Em seu artigo “Músicos negros no tecido social de Salvador na primeira metade do século XIX”, a mestranda de História Social da UFBA (Universidade Federal da Bahia) Marcele da Silva Moreira narra o contexto social e musical no período. E cita a importância de Manuel Raimundo Querino e sua obra “Artistas Baianos”. Ele foi o primeiro intelectual brasileiro a registrar a contribuição de povos africanos para a cultura brasileira. Evidentemente, foi invisibilizado pela academia sudestina.

Segundo a autora, a diferença entre esses dois cenários revela-se, por exemplo, na festa da padroeira da ordem franciscana, Santa Isabel de Portugal. Em quatro de julho de 1835, a música na igreja foi regida pelo professor Damião Barbosa de Araújo, que recebeu 218 mil réis. Mas o povo também merece música. Bandas de africanos ficaram responsáveis pela “música da porta”. O grupo conduzido pelo mestre Manoel José d ́Etre recebeu 30 mil réis.

Damião Barbosa de Araújo foi um homem pardo que serviu no 1º Regimento de Infantaria de Linha da Cidade da Bahia por mais de nove anos. Com a chegada da família real em 1808, viajou ao Rio de Janeiro e participou da Brigada da Real Marinha. Depois tocou na orquestra Real Capela. De volta à Bahia, transformou-se em mestre de capela da Catedral de Salvador. Era a mobilidade social que a música oferecia.

Manoel José d’Etre foi um ex-escravizado, barbeiro, sangrador e regente como seu escravizador, José Antônio d ́Etre. Formou uma banda de barbeiros e multiplicou seus conhecimentos com outros libertos. As bandas de músicos barbeiros acompanhavam as procissões ao som de trompas, clarinetes, pífanos, flautas, caixas, zabumbas, rabeca. Viver somente de música era impossível, ainda que, com frequência, suas apresentações fossem remuneradas. A banda e uma outra profissão: no jogo da sobrevivência, pardos e pretos jogam em mais de uma posição.

A chegada da família real estabeleceu a formação das bandas militares. A partir de 1830 a Guarda Nacional e Municipais Permanentes incentivam a criação de grupos musicais por todo o país.  Segundo José Ramos Tinhorão, com a “valorização das bandas da Primeira Linha e da Guarda Nacional, centenas de músicos de origem popular encontraram a oportunidade de viver de seu talento”.
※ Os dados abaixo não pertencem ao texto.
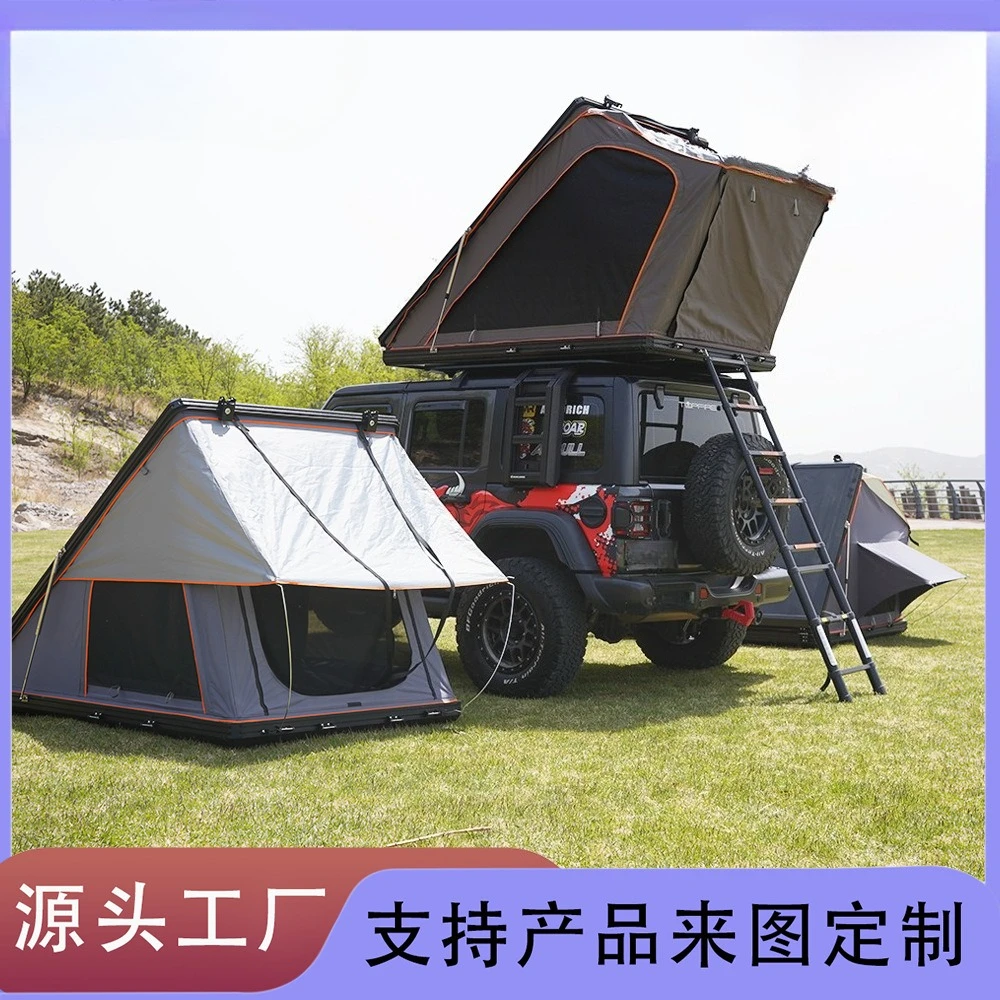 Roof Tent Professional Aluminum Alloy Triangular Tent Free Installation, Outdoor Tent Roof Is Convenient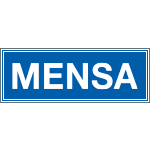 2508 - Cartello aziendale Mensa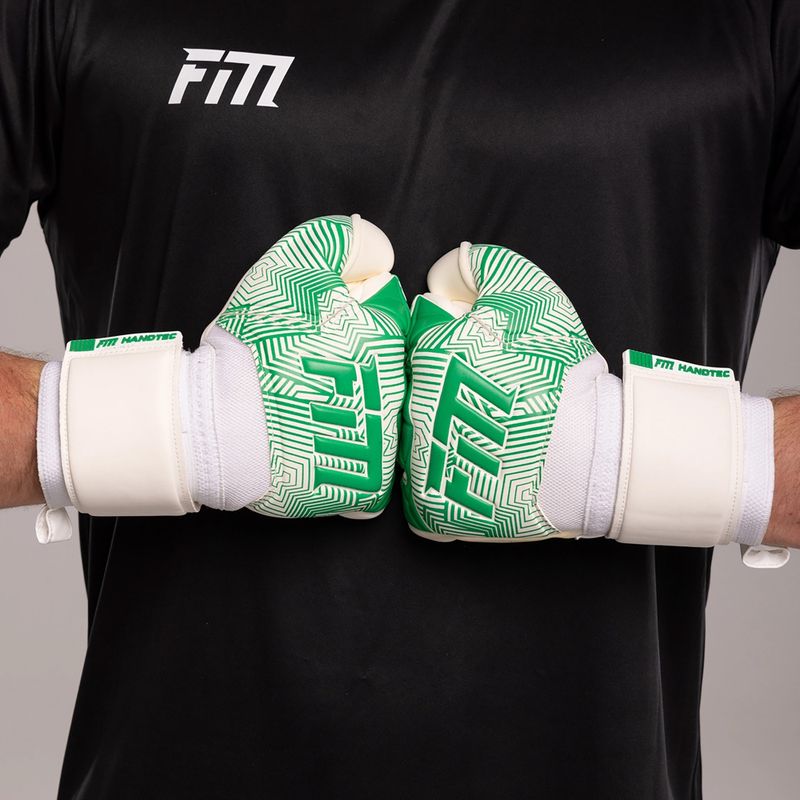 Football Masters Varis X NC goalkeeper gloves white/green 4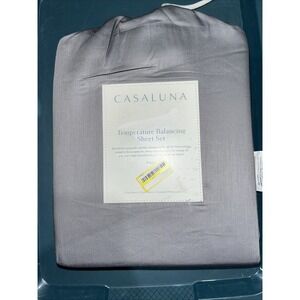 New Casaluna‎ Temperature Balancing Sheet Set Size Full Metal Gray 300 TC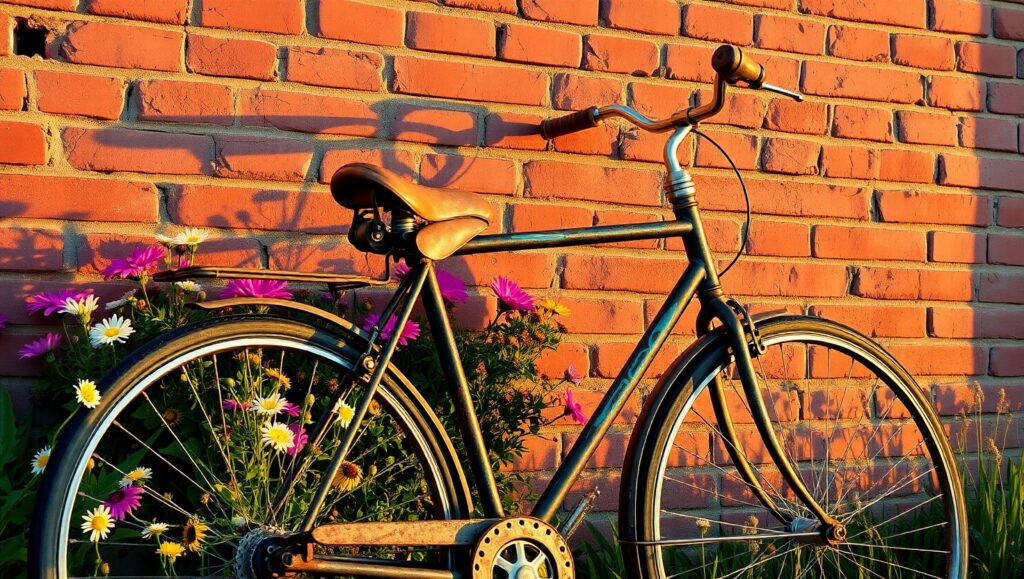 A Bicycle’s Quiet Resilience – free AI stock image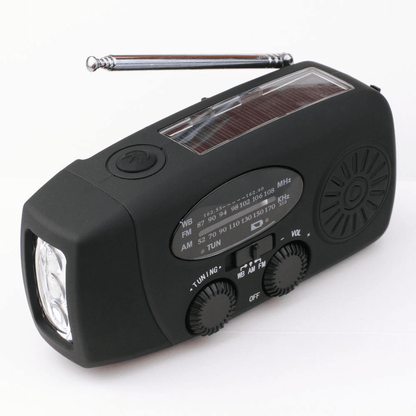 Travel-Friendly Multi-Function Wind-Up Radio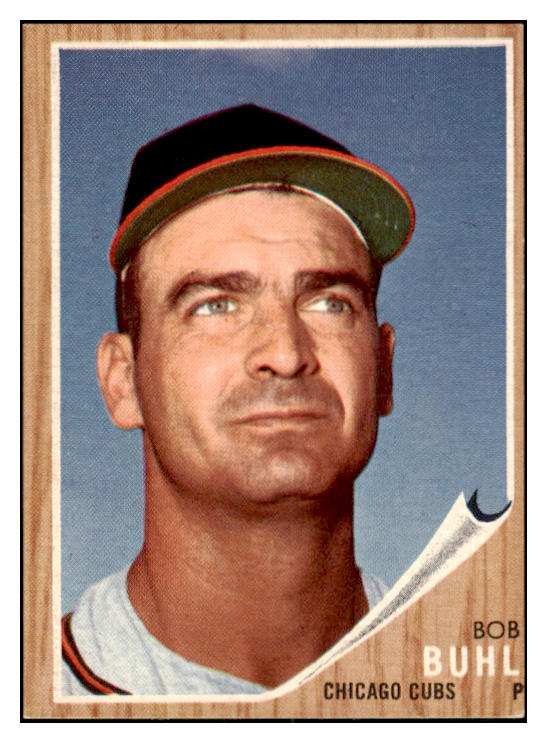 1962 Topps Baseball #458 Bob Buhl Cubs EX-MT Variation 531038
No trabalho, Moreira cita o estranhamento de visitantes europeus ao encontrarem esses músicos pelas ruas da cidade. Aos seus ouvidos, aquilo não era música, mas uma bagunça. Aquela bagunça era uma liberdade fugaz que refletia uma sociedade organizada para oprimir pretos e pardos e manter as violências da escravidão.